すがるような思いで言った。私としても、そんなところで暮らしていくなんてごめんだ。

「そうね、完全に消すのは無理だけど、程度を軽くするのなら簡単よ。」

「・・どうするんですか?」

「これで、ね。」

小阪さんはそう言って、左手をあげた。手に握られているのは、スプレーだ。

「・・そのスプレーで?」

「そう、見た目は普通だけどね、消臭や防虫用じゃないのよ。」

試してみる?と小阪さんが私にスプレーを手渡した。・・本当にこれで?

半信半疑なまま、キッチンの中でシュッと一吹きしてみた。爽やかな森の香りが広がる。

「良くできてるでしょ?」

小阪さんが満足そうな表情で頷く。もしかしてー・・

「これも、夢グッズ製作部で作られたんですね?」

「ご名答。」

やっぱり、ね。

私はそれから家中全ての部屋を回ってスプレーした。
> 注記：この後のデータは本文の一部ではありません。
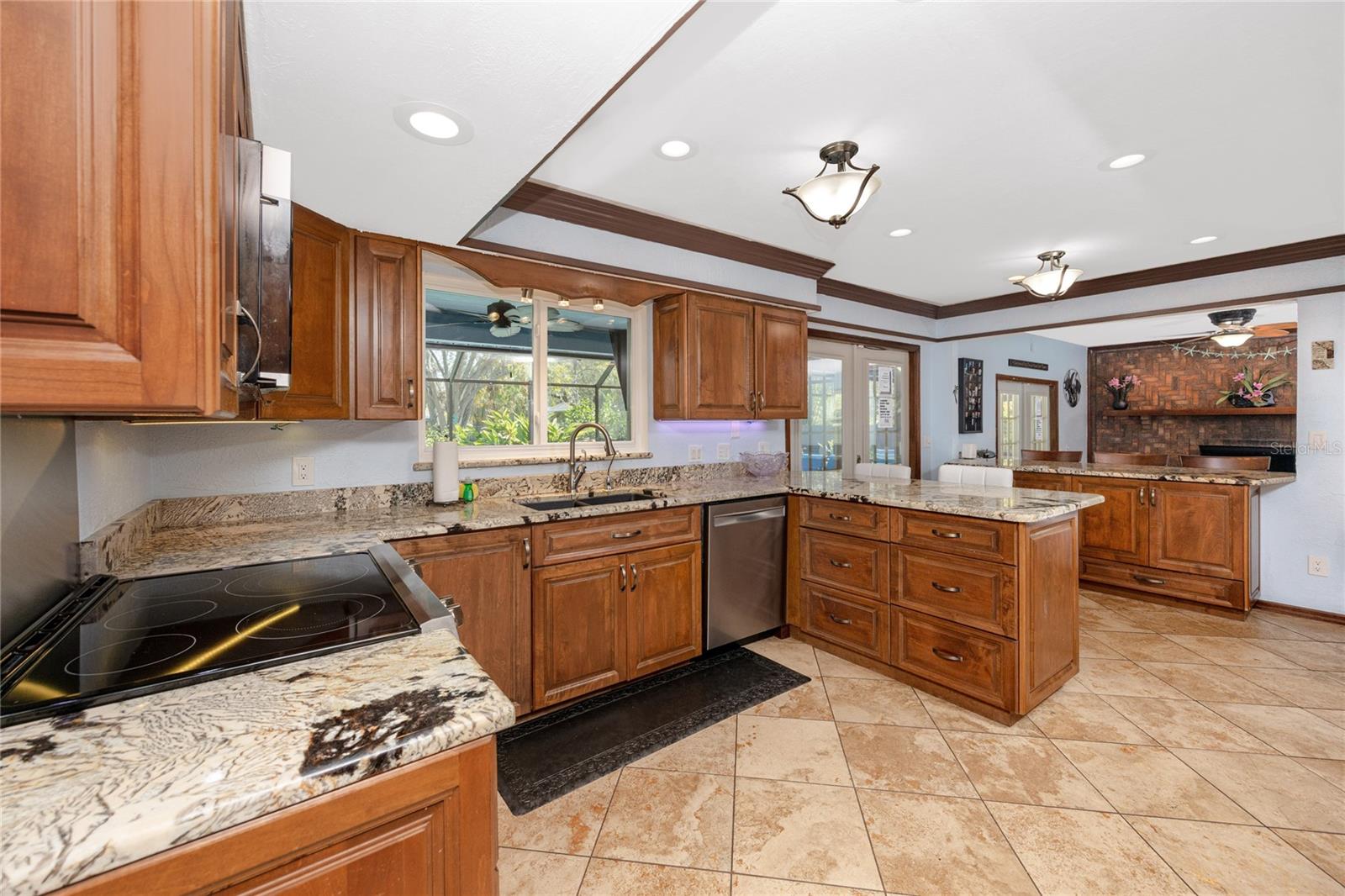 1975 LEVINE LN, CLEARWATER, FL, 33760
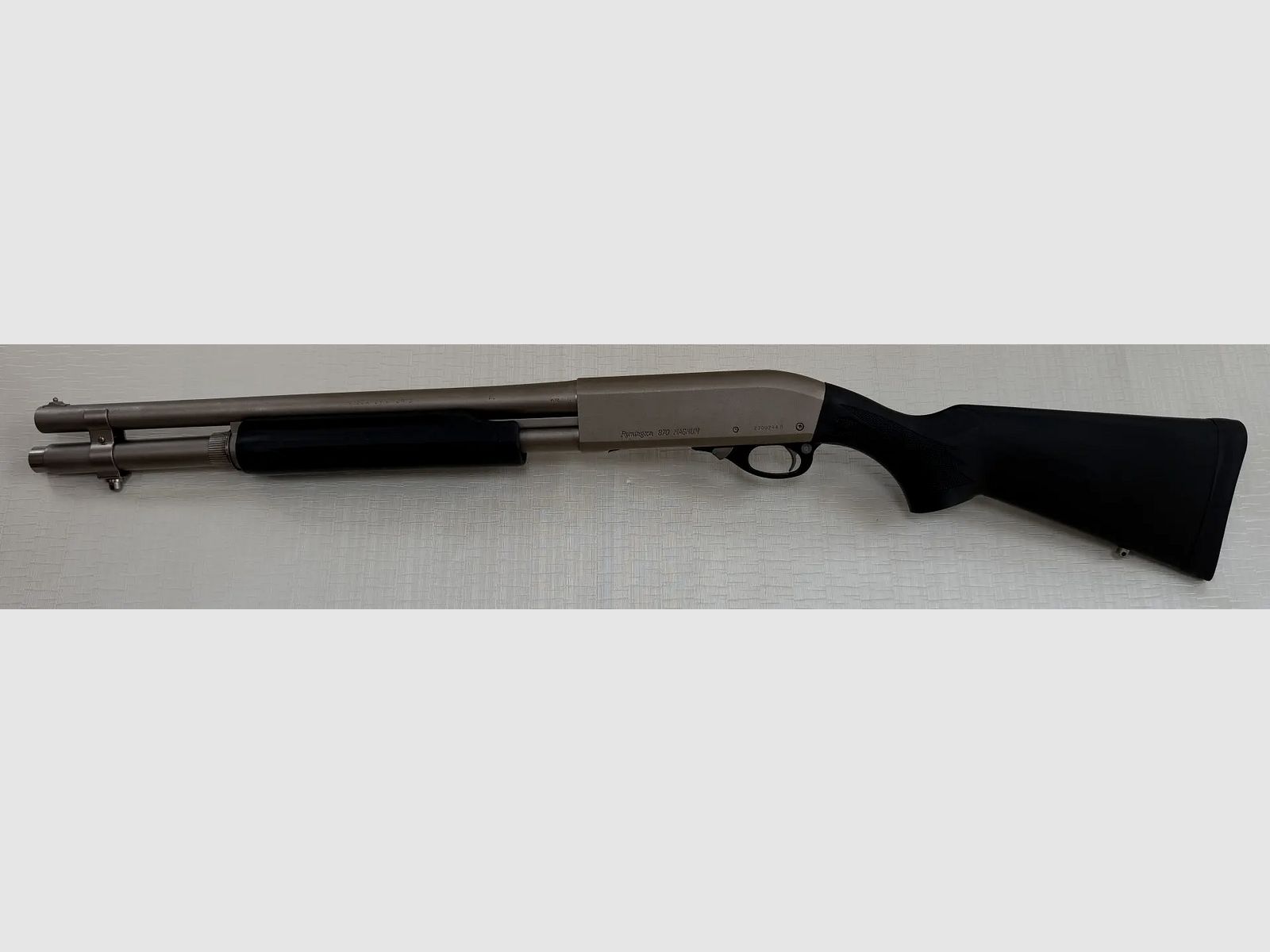 Remington 870 SP Marine Magnum - bijna nieuwe, licht gebruikte pompgeweer met voorhand in kaliber 12/76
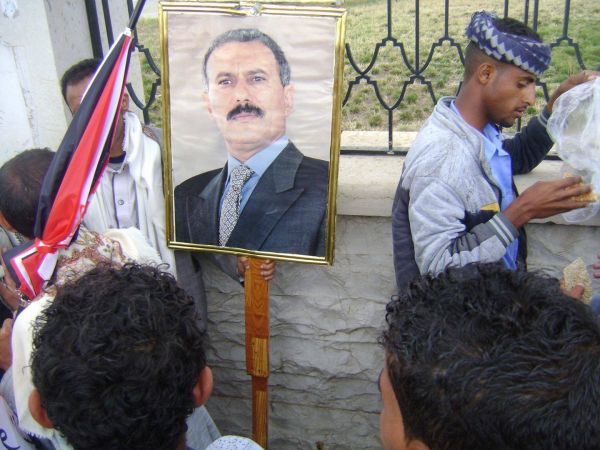 ما هي تداعيات انقسام حزب المؤتمر في اليمن بين الرياض وصنعاء؟ (تحليل خاص)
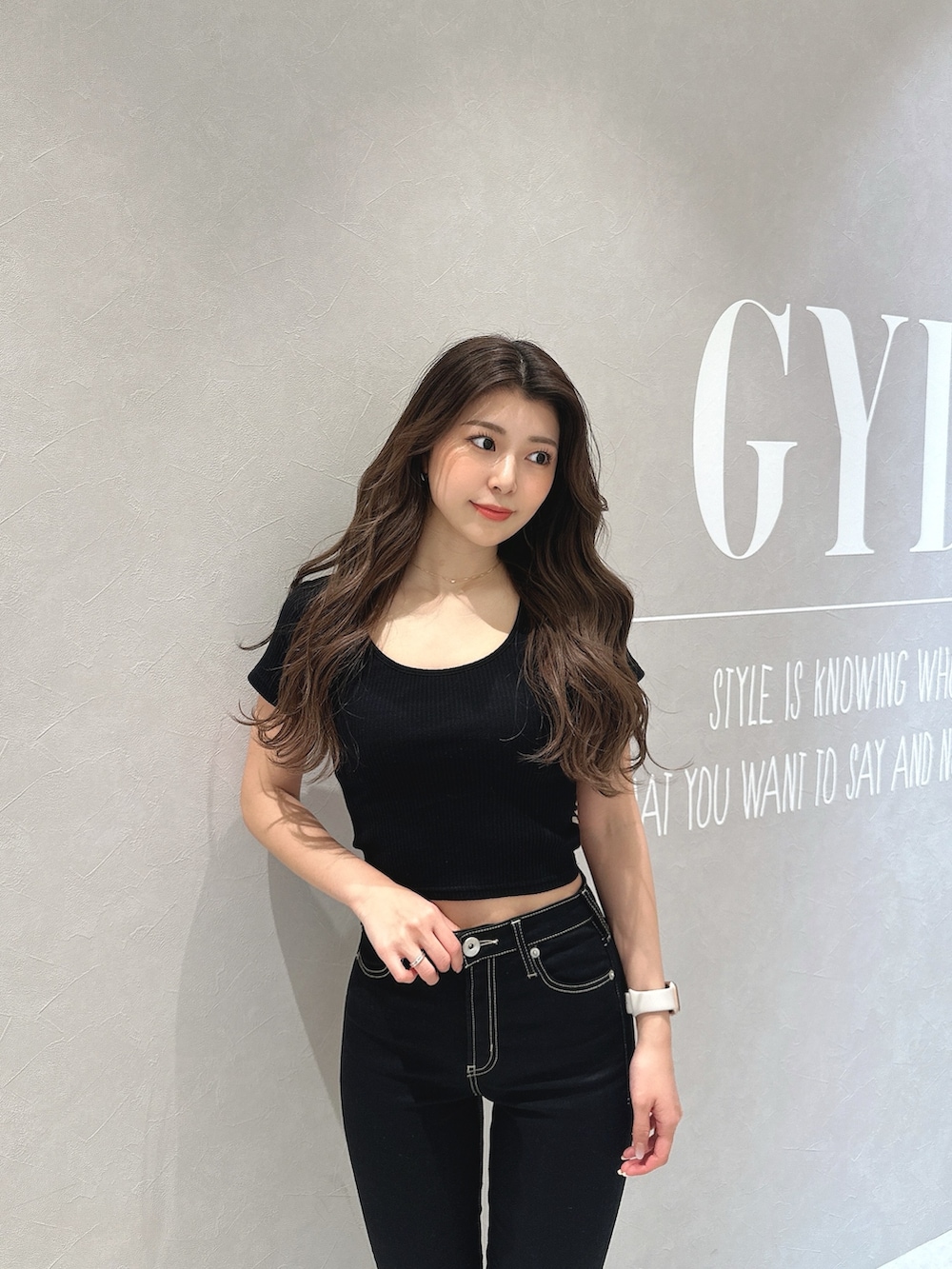 ブラック系のTシャツ/カットソー、ブラック系のデニムパンツ、ブラック系のパンプスを着用したレディースの春コーディネートの3枚目の写真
森の香りが家の中のどこまでも広がり、本当に森の中に迷い込んだかのような錯覚に陥った。

しかし居心地は悪くなかった。むしろ何か目が覚めたようなすっきりとした気分だ。

「匂いはそのうち取れるから。」

小阪さんが私の使い終わったスプレーをカバンにしまいながら言った。

「でも、だいぶ邪気も取れてる。もちろん、桃ちゃんの心がけが大事だけど、ね。」

「・・はい。ありがとうございます。」

邪気を取る作業(?)を終えて、私たちは再びリビングのテーブルを囲んだ。きゅうすに入ったプーアール茶は、もうすっかり冷たくなっていた。

しばらく誰も話そうとしなかった。それぞれがそれぞれに何かを考えて、だけどそれを言葉にすることがしばらくできなかった。

やがて一番考え込んでいた老人が、私の方を向いて、重々しく口を開いた。

「小説家になりたい、と言ったね。」

「はい。」

「そのーーー友達のこともあるだろうが、なんで諦めてしまったのかね?」

「・・そんなの・・無理に決まってます。私には文才もないし、世の中には小説家志望の人がいっぱいいるでしょう。現実くらいちゃんと分かってます。」

老人はひとつ息をついた。

「現実ー・・もちろん現実も大事だ。君の言っていることは間違っていない。でも、だからこそ聞くがね、それでは君はその夢に向かって何か一つでも努力したかね?」

「ーーーーーー・・」

「無理だと君は言うがね、私には分かるよ。君はまだ夢を諦めていない。いや、諦めきれていない。ーー分かるよ。」

「・・・・・・」

「だからこそ、君には何もしないうちから逃げないでほしい。自分なりに努力して挑戦してーー・・」

老人はゆっくりと微笑を浮かべた。